WORK TASK: Transcribe exactly the line that contains "アイガーツール(EIGER TOOL) bシリーズ ラジオペンチ 125mm" and all lines following it to the end of the material below; omit everything else.

RECORDS TO PROCESS:
* * *
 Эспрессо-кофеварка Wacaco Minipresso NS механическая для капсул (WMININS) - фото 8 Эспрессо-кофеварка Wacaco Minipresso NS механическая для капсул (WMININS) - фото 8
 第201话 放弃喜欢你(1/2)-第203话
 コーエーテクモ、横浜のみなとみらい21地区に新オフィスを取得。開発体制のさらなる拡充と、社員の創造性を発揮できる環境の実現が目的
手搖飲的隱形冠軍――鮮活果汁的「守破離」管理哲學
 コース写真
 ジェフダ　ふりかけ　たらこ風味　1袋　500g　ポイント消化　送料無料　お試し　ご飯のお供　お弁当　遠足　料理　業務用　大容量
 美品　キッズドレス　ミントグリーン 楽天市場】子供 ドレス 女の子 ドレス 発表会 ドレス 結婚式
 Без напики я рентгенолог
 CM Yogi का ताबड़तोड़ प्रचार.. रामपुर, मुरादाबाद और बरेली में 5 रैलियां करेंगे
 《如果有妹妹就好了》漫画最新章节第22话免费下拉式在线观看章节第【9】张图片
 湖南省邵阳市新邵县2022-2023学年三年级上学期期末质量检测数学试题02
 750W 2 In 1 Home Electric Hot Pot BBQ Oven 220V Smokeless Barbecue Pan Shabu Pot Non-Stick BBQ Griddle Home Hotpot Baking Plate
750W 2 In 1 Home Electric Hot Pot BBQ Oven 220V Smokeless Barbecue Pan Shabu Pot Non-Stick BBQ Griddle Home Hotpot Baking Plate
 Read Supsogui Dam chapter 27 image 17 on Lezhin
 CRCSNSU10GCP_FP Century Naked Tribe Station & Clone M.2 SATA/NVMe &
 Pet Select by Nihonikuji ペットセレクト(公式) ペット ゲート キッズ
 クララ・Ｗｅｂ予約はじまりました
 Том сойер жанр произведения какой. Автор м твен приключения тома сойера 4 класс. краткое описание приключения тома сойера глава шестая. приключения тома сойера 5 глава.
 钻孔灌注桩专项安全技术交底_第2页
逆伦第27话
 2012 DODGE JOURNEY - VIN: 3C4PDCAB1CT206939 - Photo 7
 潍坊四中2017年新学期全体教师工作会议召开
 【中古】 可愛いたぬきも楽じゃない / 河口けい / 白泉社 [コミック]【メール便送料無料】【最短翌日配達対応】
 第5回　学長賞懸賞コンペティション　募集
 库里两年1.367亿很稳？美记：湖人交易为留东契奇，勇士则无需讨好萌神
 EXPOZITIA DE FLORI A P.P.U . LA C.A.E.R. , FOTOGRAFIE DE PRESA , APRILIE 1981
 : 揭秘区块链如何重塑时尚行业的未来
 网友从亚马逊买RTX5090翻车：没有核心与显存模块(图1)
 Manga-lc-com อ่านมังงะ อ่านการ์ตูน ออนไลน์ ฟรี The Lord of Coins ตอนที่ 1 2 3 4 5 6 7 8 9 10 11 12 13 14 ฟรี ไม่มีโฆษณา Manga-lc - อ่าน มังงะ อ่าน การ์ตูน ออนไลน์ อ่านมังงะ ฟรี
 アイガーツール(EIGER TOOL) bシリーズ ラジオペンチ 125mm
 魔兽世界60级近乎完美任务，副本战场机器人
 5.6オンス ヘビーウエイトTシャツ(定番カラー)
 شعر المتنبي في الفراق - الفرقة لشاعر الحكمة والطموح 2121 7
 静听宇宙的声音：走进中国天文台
* * *
RESPONSE:
 アイガーツール(EIGER TOOL) bシリーズ ラジオペンチ 125mm
 魔兽世界60级近乎完美任务，副本战场机器人
 5.6オンス ヘビーウエイトTシャツ(定番カラー)
 شعر المتنبي في الفراق - الفرقة لشاعر الحكمة والطموح 2121 7
 静听宇宙的声音：走进中国天文台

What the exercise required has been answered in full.